Pearl Jam is in my pantheon of all-time greats, Soundgarden is still missed despite Audioslave, I’m making Seattle rediscoveries all the time (hello again, Alice in Chains) and I continue to enjoy acts that liberally crib from my generation’s most famous suicide (be it Local H or the occasional Vines song or Dave Grohl, who is another matter altogether).

But no one and nothing is quite like Cobain, and not many have been as fearless or burned as intensely.

Right: Cutting out early means he was spared the curse of a lengthy career in the spotlight where every move would have been scrutinized.

He neatly avoided having to evolve, grow into his 30s, face his 40s, struggle to seem relevant at 50. Unlike peers now with Audioslave or Velvet Revolver – add Army of Anyone, which is Filter plus the rest of Stone Temple Pilots, to that post-’90s supergroup list – he never had to lose or ditch his band because it had reached a creative end, then face rejection by starting a new one.

He’ll never be saddled with mid-career failures he had to sweat off to achieve comeback physique, though he probably would have been more like Neil Young or Prince in that regard: He wouldn’t consider anything a failure, and he’d have no need for comebacks.

I wonder: Will Frances Bean’s friends – or children – eventually find Cobain’s ravings as quaint as an early Beatles record? Will critics decades from now view them as overrated, repetitive, limited? Somehow I doubt it. But at least I’m on track to find out.
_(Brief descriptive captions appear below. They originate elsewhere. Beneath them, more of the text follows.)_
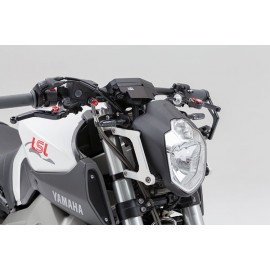 Kit support de feu Urban LSL Yamaha MT-09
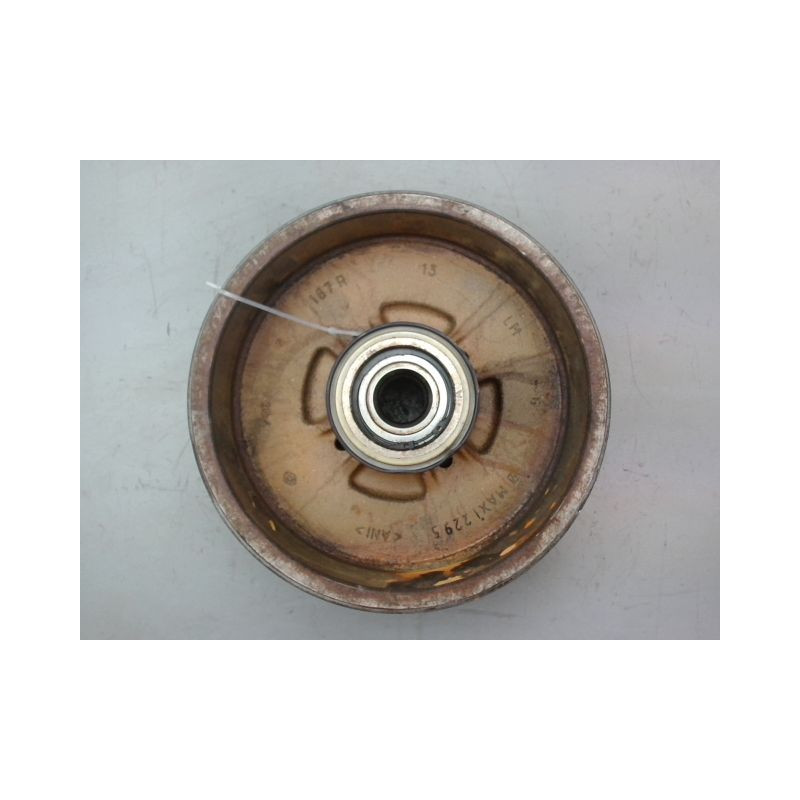 TAMBOUR ARRIERE DROIT RENAULT ZOE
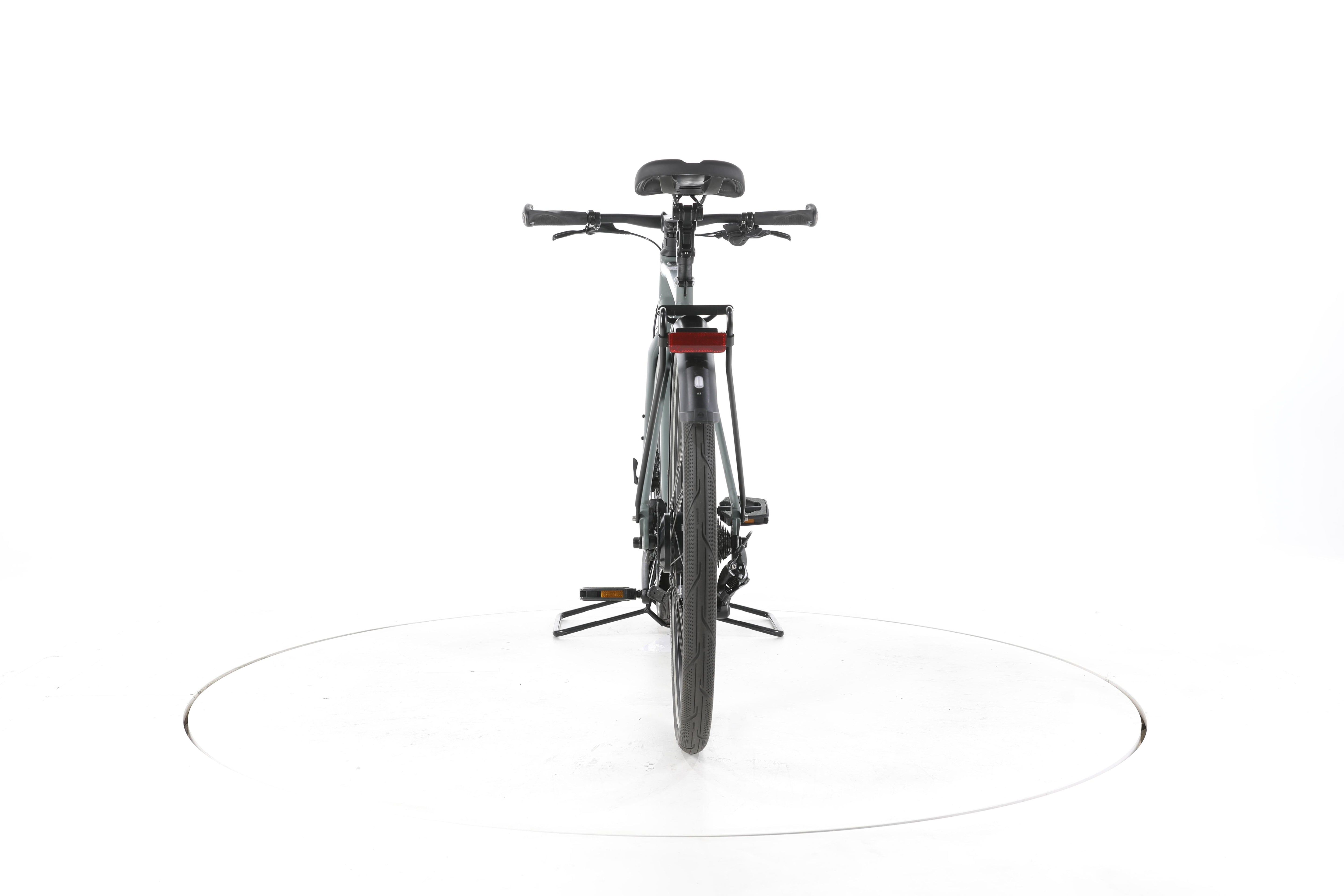 Winora E-Flitzer Trekking E-Bike - Image 10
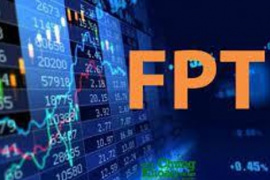 Lãnh đạo SSI nói gì khi cổ phiếu FPT lao dốc giữa cơn sốt AI?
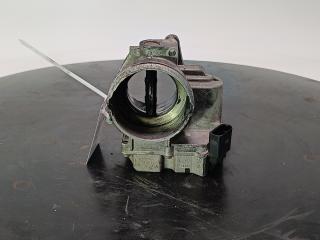 заслонка дроссельная Volkswagen Golf 6 поколение 2008, цвет, 03G128063C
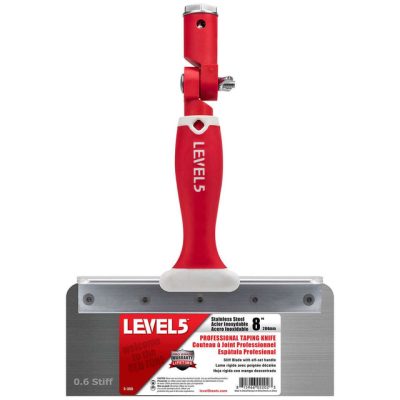 Level 5 Taping Knife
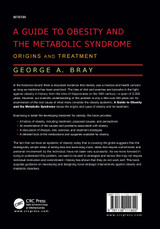 A Guide to Obesity and the Metabolic Syndrome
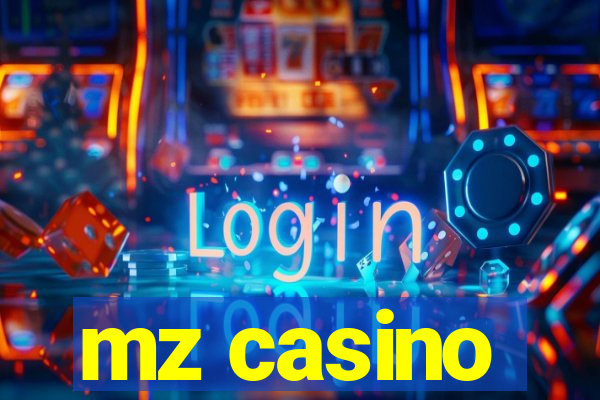 mz casino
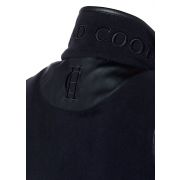 Country Fleece Gilet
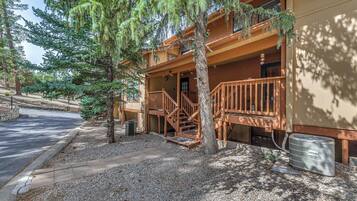 Apartment (Multiple Bedrooms) | Interior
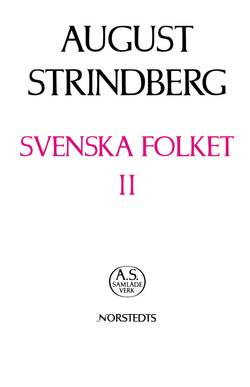 Svenska folket i helg och söcken, i krig och i fred, hemma och ute eller Ett tus : Nationalupplaga. 10, Svenska folket i helg och söcken, i krig och i fred, hemma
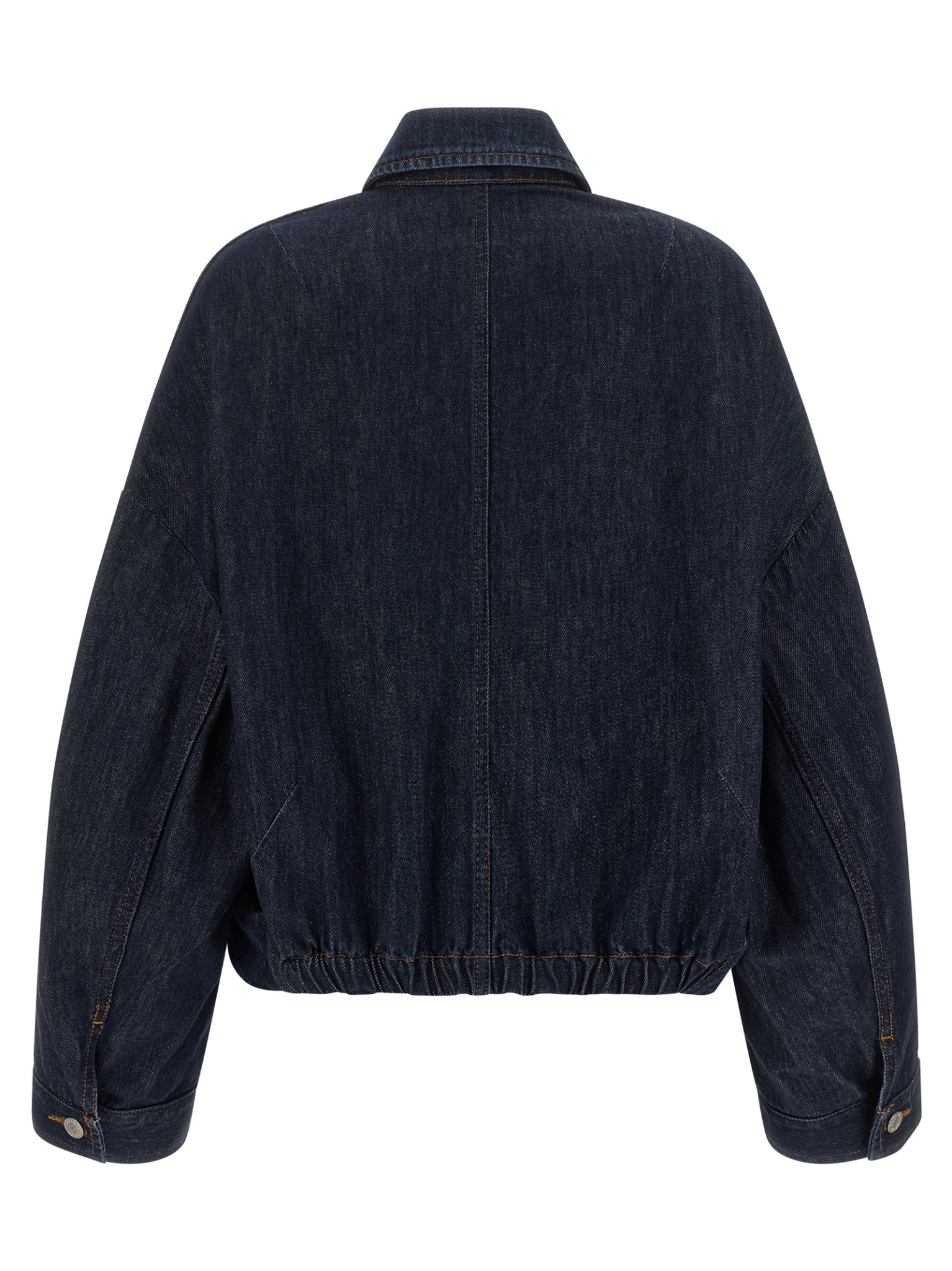 [DRIES VAN NOTEN] Casual Jacket FW26 2621305054401507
And so is Grohl, who I believe has blossomed through tenacity and genuine talent into a significant figure in his own right. His music is his own; it may never be as startling or groundbreaking as Cobain’s, and it will never be as volatile – but it’s every bit the complete embodiment of who he is as Nirvana’s stuff was for Cobain.

Yet Grohl has changed while Cobain has remained frozen in time. He has developed into a savvy singer-songwriter, one who manages to be commercially viable without sacrificing street credibility.

Yet, though I can’t think of an album of his I wouldn’t gladly play right now, he’s nonetheless a comfortable rock star for a too-comfortable age. His idea of challenging himself: Cut a double album (half-hard, half-soft), then tour likewise, eventually issuing an acoustic memento – “Skin and Bones,” which perhaps not coincidentally also arrived last week.

Bad timing, if you ask me. Taken alongside Nirvana at its most explosive, the magnificent Foo Fighters show I saw at the Pantages (which this new live album replicates) is paler than Rose McGowan.

It’s also hard to avoid comparing “Skin and Bones” to Nirvana’s “MTV Unplugged,” another broken link in the band’s chain that needs fixing. That might be why it’s taken so long for Grohl to tread in this terrain, apart from his acoustic “Everlong.” He knows he’s got stiff competition.

Robert Christgau has a great line on “Unplugged”: “The vocal performance (Cobain) evokes is John Lennon’s on ‘Plastic Ono Band.’ And he did it in one take.” Grohl has been honing his “Skin and Bones” all year – and now, with its humanizing between-song banter (including Dave’s tale of moving in with Kurt) edited out, it sparkles and soothes and slouches from too much rehearsal like any other piece of major-label product from a beloved modern-rock band.

Bet I come to love it sometime next year, when I don’t have Cobain on the brain. For now, I’m just filing it away with my Weezer outtakes.